Zwischen Ankunft und Abreise

Der Kasseler Kulturbahnhof ist mehr als nur der Startpunkt für den documenta-Parcours. Er ist Symbol für das Unterwegs-Sein, Ankommen und Abreisen.

KASSEL Wo kommen wir zu uns selbst? Manchmal entsteht das Gefühl, die Selbstfindung gelinge nur, wenn wir nicht gerade dort sind, wo wir hingehören. Wir lieben es, fern der Heimat Zuflucht zu suchen. Das aber heißt, daß die Bahnhöfe (und Flughäfen) zum Symbol unserer Zeit geworden sind: Unterwegssein, so scheint es, verschafft uns erst Sinn.
Insofern ist die Entscheidung, den Kasseler Kulturbahnhof (Hauptbahnhof) zum Ausgangspunkt des documenta-Parcours zu machen, nicht nur eine lokalpolitische kluge Entscheidung. Vielmehr wird der Ausgangspunkt selbst zum Sinnbild: Der Bahnhof als Ort des Übergangs – von dort aus gelangt man ins Zentrum und dort auch beginnt jener städtische Raum, der anscheinend jede Ordnung entbehrt.
Der Bahnhof ist ein Ort mit einem Janus-Gesicht. Er lädt zur kurzweiligen Reise und zum Urlaub ein. Er ist aber auch die Umschlagstation für Zwangstransporte ins Unheil und in den Tod. Der Brasilianer Tunga erinnert mit seiner Installation auf einem Bahnsteig daran: Von dem Bahnsteigdach hängen Netze mit Koffern herunter, aus denen Knochen fallen. Und aus der Ferne fröhlich wirkende Hüte im Riesenformat sind mit Totenschädeln dekoriert.
Natürlich ist der Gedanke gleich da, daß es die Bahnhöfe waren, von denen in der Nazi-Zeit die Transporte in den Massentod starteten. Und wenn man im Zwehrenturm in dem Raum von Penny Yassour vor den plastischen Arbeiten mit der Eisenbahnkarte Deutschlands von 1938 steht, erhärtet sich dieses Gefühl.

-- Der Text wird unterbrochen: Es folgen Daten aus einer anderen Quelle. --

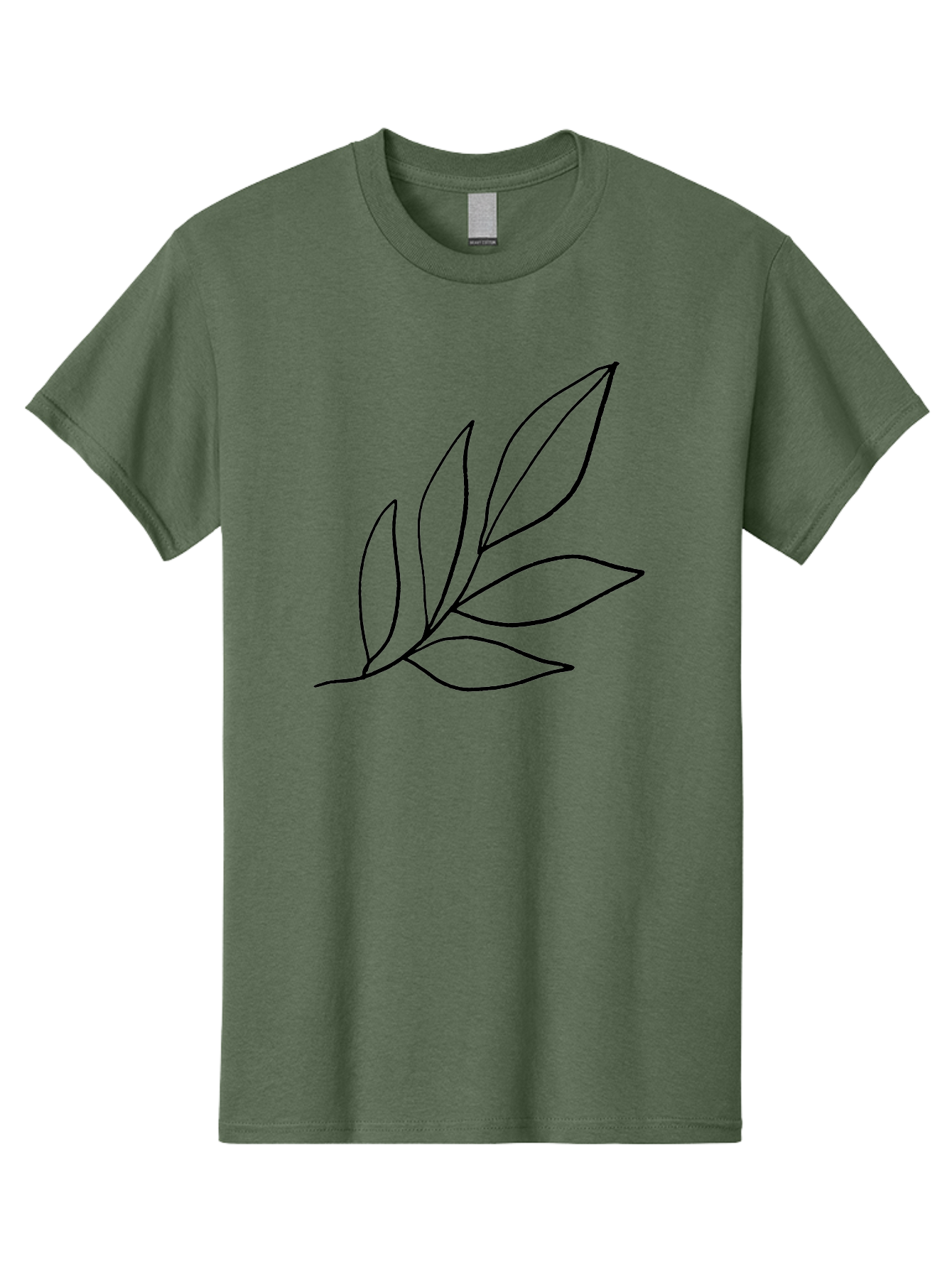 Leaves-5 Men'S Graphic Tee, 100% Cotton, Comfortable Casual Summer Wear, Machine Washable, Hand Drawn Leaves, Simple Line Art, Minimalist Design, Botanical Elements, Leaf Illustration, Black Outline -  Aaa454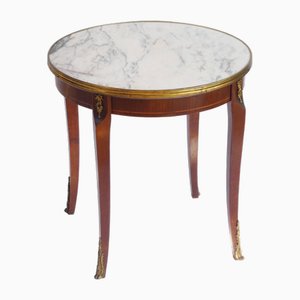 Tavolino rotondo antico in stile Luigi XV con ripiano in marmo e dettagli in ottone, Francia, anni '60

Unterwegs sein: Es gibt etliche Beiträge in der documenta X, die sich diesem Thema widmen. Eine der gelungensten Arbeiten ist die von Danielle Vallet Kleiner – eine Video-Installation in den Räumen der früheren Bahnhofsmission auf dem Kulturbahnhof. Während der Film in eigenwilliger Weise von einer Reise von Istanbul nach Helsinki erzählt, erlebt sich der Zuschauer selbst in einer Atmosphäre, in der er sich als Fremder fühlt: Ist er Objekt der Missions-Fürsorge oder wird ihm nur alles vorgespielt?
Wie der Anfangs- so ist auch der Endpunkt des documenta-Parcours auf das Unterwegssein eingestimmt. Das räumlich letzte Werk ist am Fuldaufer der „Transportable U-Bahn-Eingang“ von Martin Kippenberger. Hinabsteigen kann man nicht, aber gedanklich abtauchen und sich auf Reisen begeben. Ein sehr poetisches, leicht übersehenes Ende des Parcours.
Von dort aus gelangt man gedanklich schnell zur Skulpturen-Ausstellung in Münster, wo von Kippenberger ein U-Bahn-Entlüftungsrohr liegt, aus dem alle fünf Minuten zur Überraschung der Passanten ein richtiges Fahrgeräusch kommt. Und dann geht es weiter zu den U-Bahn-Stationen in aller Welt, die sich Kippenberger ausgedacht hat und die er auf der Ebene miteinander vernetzt hat, auf der es für diesen Spiel keine Grenzen gibt – im Internet. Kippenbergers Arbeit stellt die wohl überzeugendste Verknüpfung zwischen realem Objekt und virtueller Projektion her.